# History of TTF



## Idril (Apr 1, 2003)

What the background history to TTF? Who's idea, original founders, when, has it turn out as hoped, visions for the future, etc?
Just curious....


(I apologise in advance if this is covered elsewhere - so please don't shout at me)


----------



## Beorn (Apr 2, 2003)

> _Originally posted by Idril _
> *What the background history to TTF? Who's idea, original founders, when, has it turn out as hoped, visions for the future, etc?
> Just curious....
> 
> ...



TTF was originally a small sub-section of http://www.thelordoftherings.com. It still is a sub-section, it's just got a different name, and is no longer small.

Some of the members from the old board are Ciryaher, Kementari, Lantarion, Ancalagon, Talierin, and Thorin. So, they can tell you the history of that, but I'll tell you the history from the point where it moved from 'thelordoftherings.com/forums/' (or something similar to 'thetolkienforum.com'.

This incarnation of TTF was founded by Mr.
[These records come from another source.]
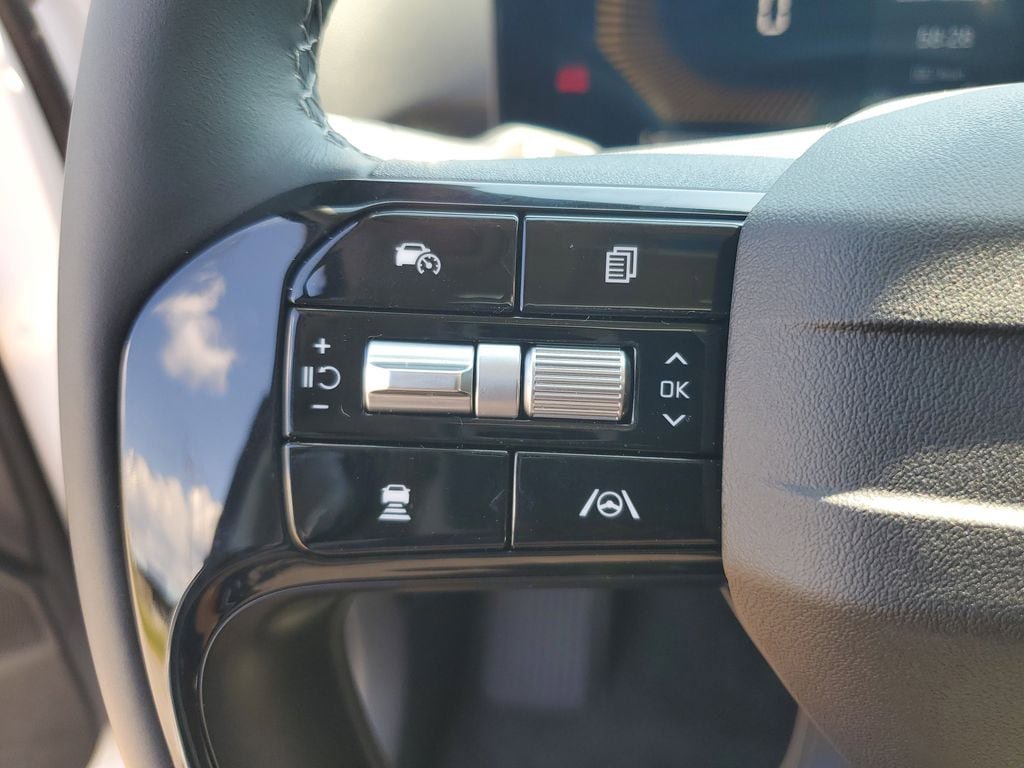 New 2026 Kia Sorento S w/ S Panoramic Sunroof Package FWD image 12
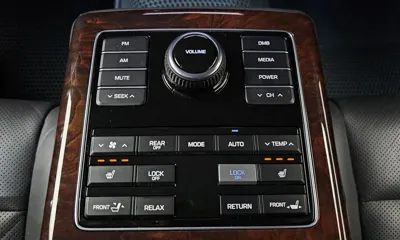 Hyundai Equus 2013, 95609 км, за 6695.7 USD - фото 29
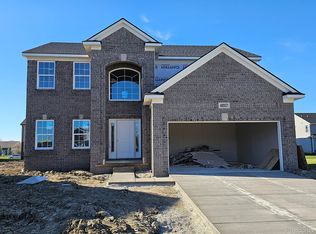 48937 Cold Rise Ct, Macomb, MI 48042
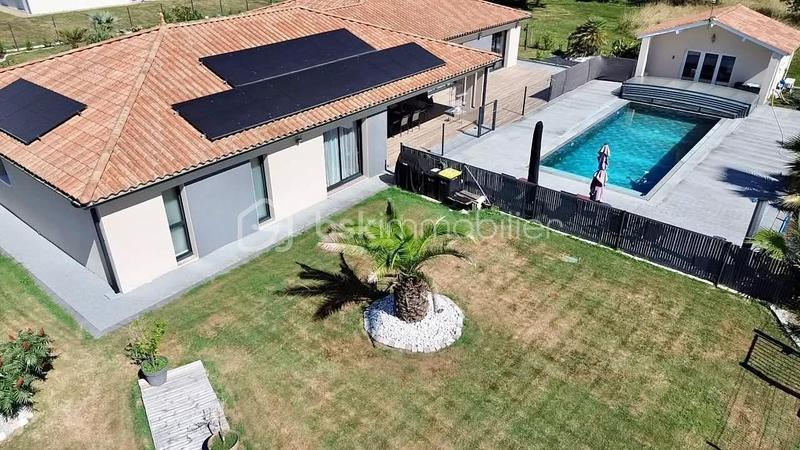 Maison - 190 m² - 5 pièces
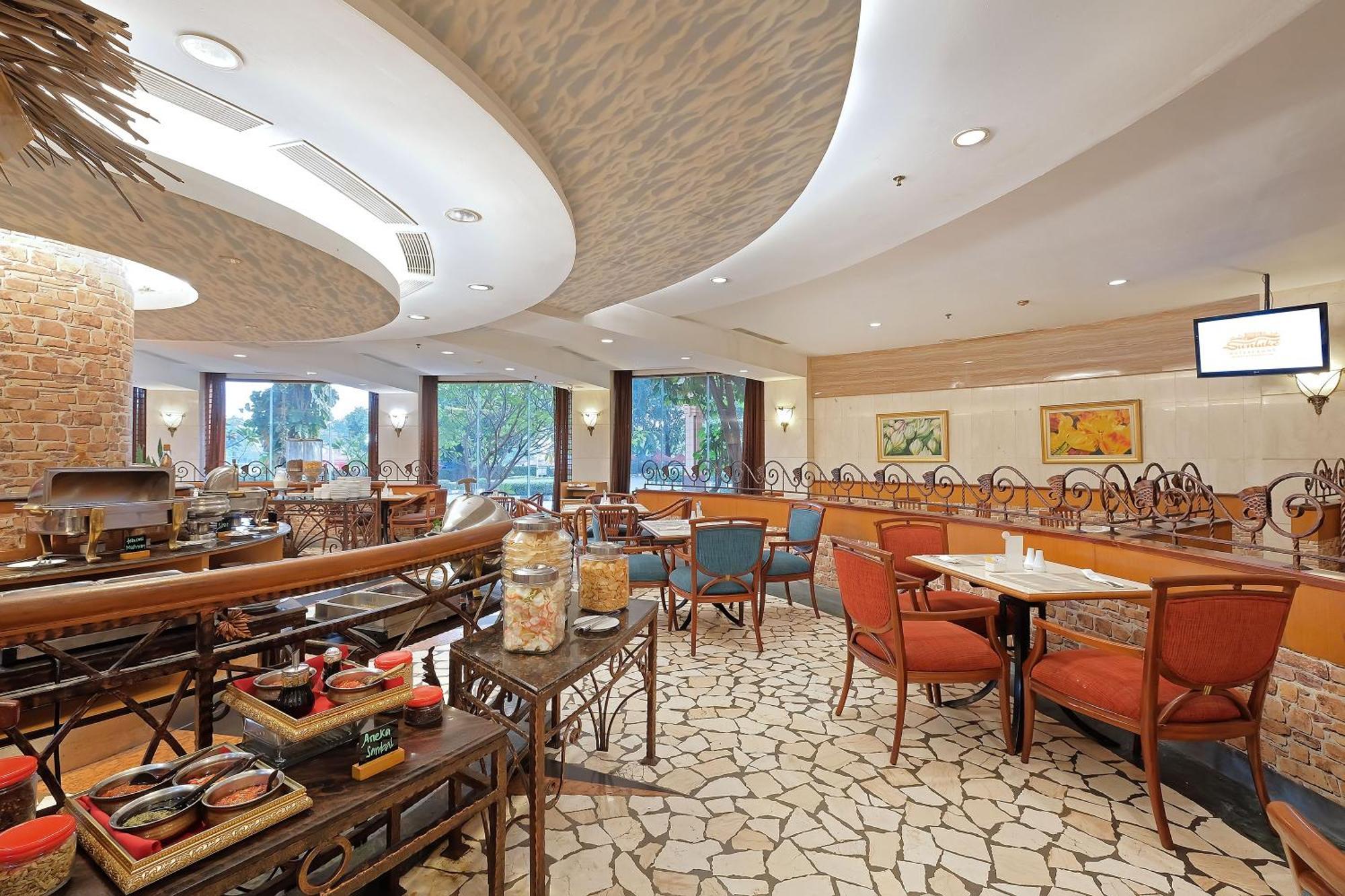 Sunlake Waterfront Resort & Convention Джакарта Экстерьер фото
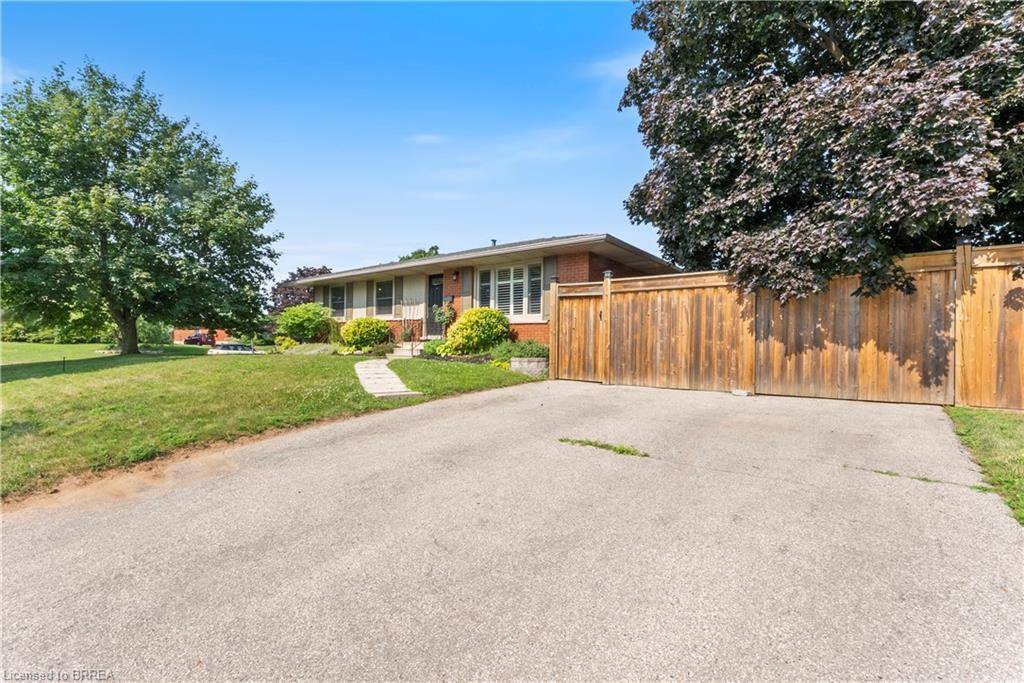 Brantford, ON N3R 5G6,10 Kent Road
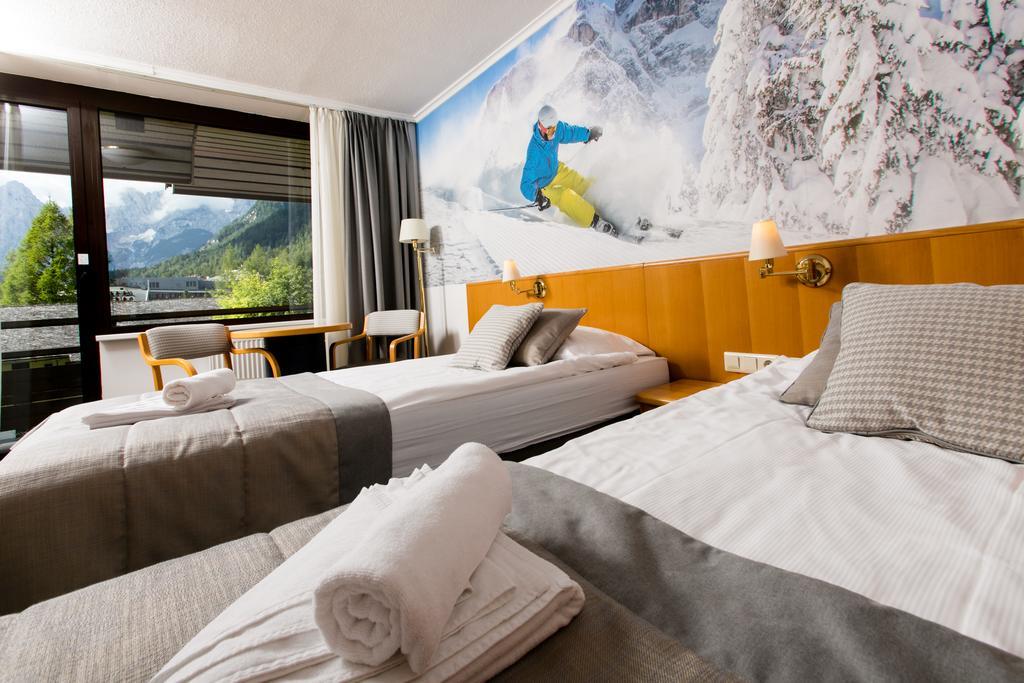Hotel Kompas (se skipasem)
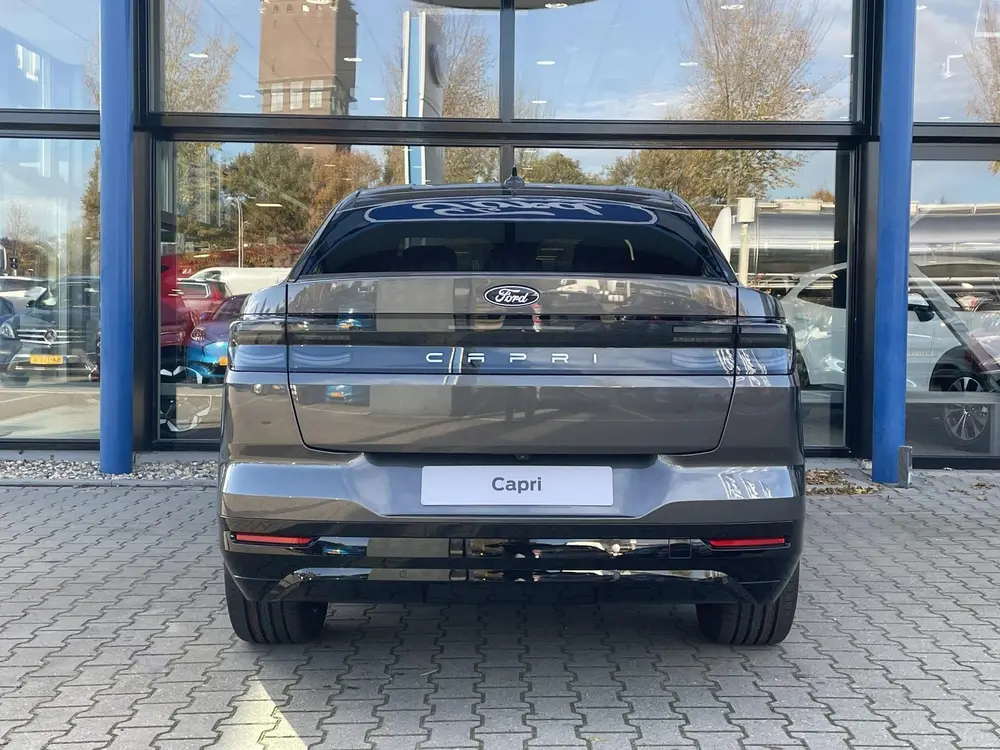 Ford Capri Premium Extended Range RWD 77 kWh uit 2026, foto 6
Averill-Pence (Webmaster) on August 18th, 2001. Here is the oldest thread.

We've gone through at least 5 different color schemes...I think not only can it be said that it has turned out as hoped, but also that it turned out to be much more of a hit than anyone else had ever expected. We generally don't have many plans for the future, as anything can happen. The C9 is one of the few things that has been planned for a while...

What else would you like to know? I can't just spout off everything I know, as that would take a while...


----------



## Idril (Apr 3, 2003)

thanks


----------



## Frodo Baggins (May 3, 2003)

*Hosting Question*

Who do we have to thank for this wonderful site? Who hosts TTF? Also: TTF has no pop-ups or annoying flashing ads, so how is it all paid for?


----------



## Aulë (May 3, 2003)

Webmaster pays for it out of his own pocket.


----------



## Sarah (May 3, 2003)

3 cheers for webmaster!!! Hip hip Hooray! Hip Hip Hooray! Hip Hip Hooray!


----------



## Elendil3119 (May 3, 2003)

You'll notice the little links at the top and bottom of the page about Tolkien books from Amazon, and TTF hats, shirts etc. WM gets a small amount of money from these, which is used to keep TTF running.


----------



## Feanorian (May 3, 2003)

Webmaster does have a couple of Tolkien related sites all of which are very nicely done. This particular one is powered by Vbulletin which is a very efficent forum provider.


----------